Komisi Pemberantasan Korupsi (KPK) menyita uang senilai Rp500 juta dari Operasi Tangkap Tangan (OTT) terhadap lima orang Aparatur Sipil Negara (ASN) Badan Pemeriksa Keuangan (BPK). OTT ini berkaitan dengan dugaan tindak pidana suap terkait temuan BPK atas sejumlah pengadaan di Pemerintah Kabupaten Muara Enim, Sumatera Selatan.

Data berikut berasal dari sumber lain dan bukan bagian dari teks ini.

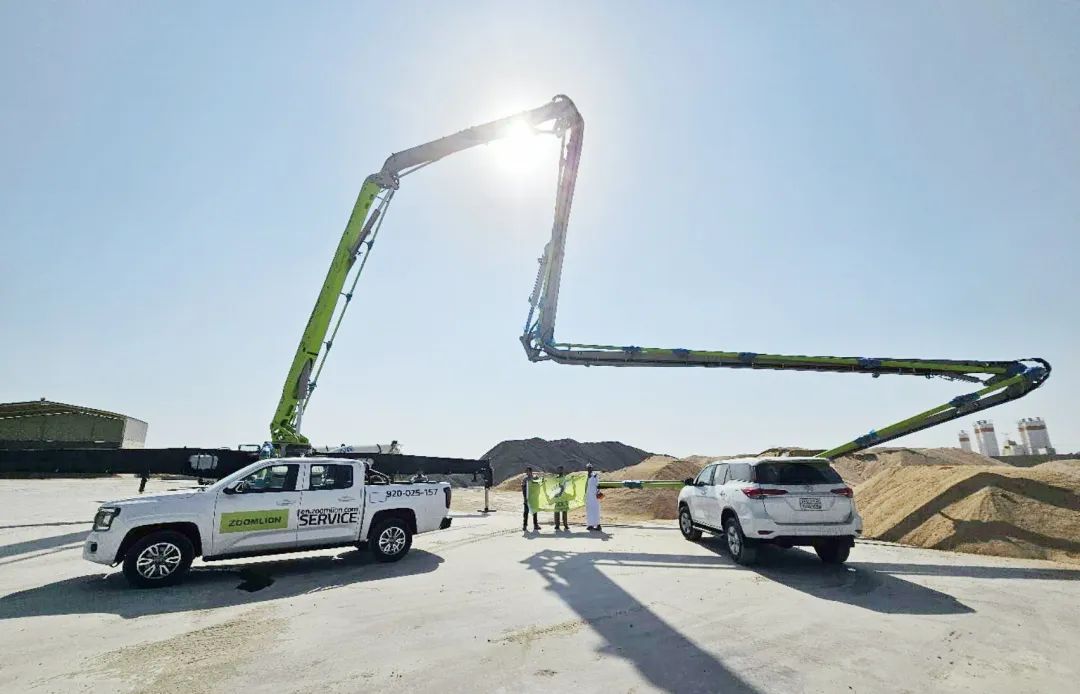 Aurora Green Leaps Saudi Arabia! Successful delivery of Zoomlion 66-meter pump truck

Kronologi OTT dan Barang Bukti
Sebelumnya, pada 6-8 Juni 2026, KPK melakukan OTT di Jakarta dan Sumatera Selatan terhadap dugaan suap pengadaan barang dan jasa serta gratifikasi tahun anggaran 2025-2026 di lingkungan Pemkab Muara Enim. Sebanyak 10 orang ditangkap, empat di antaranya ditetapkan sebagai tersangka, yaitu Bupati Muara Enim Edison, Sekretaris Dinas Pendidikan dan Kebudayaan Abi Nurwardani, orang kepercayaan bupati Adi Triyadi, dan pihak swasta dari PT Millenium Solusi Abadi (PT MSA) Cory Erin Hardi. Mereka ditahan sejak 9 Juni hingga 28 Juni 2026.
Dalam pengembangan perkara, KPK kembali melakukan OTT pada 9-10 Juni 2026 di Jakarta dengan mengamankan lima ASN BPK. Juru Bicara KPK Budi Prasetyo menyatakan bahwa uang Rp500 juta yang disita sebagian diduga digunakan Pemkab Muara Enim untuk menyuap ASN BPK. "Ini barang bukti terkait perkara kemarin. Dari Rp500 juta yang diberikan PT Millenium Solusi Abadi kepada Pemkab, sebagian ada yang dibawa pihak Pemkab yang ditangkap, sebagian lagi untuk dugaan suap terkait temuan BPK," ujar Budi di Jakarta, Rabu (10/6).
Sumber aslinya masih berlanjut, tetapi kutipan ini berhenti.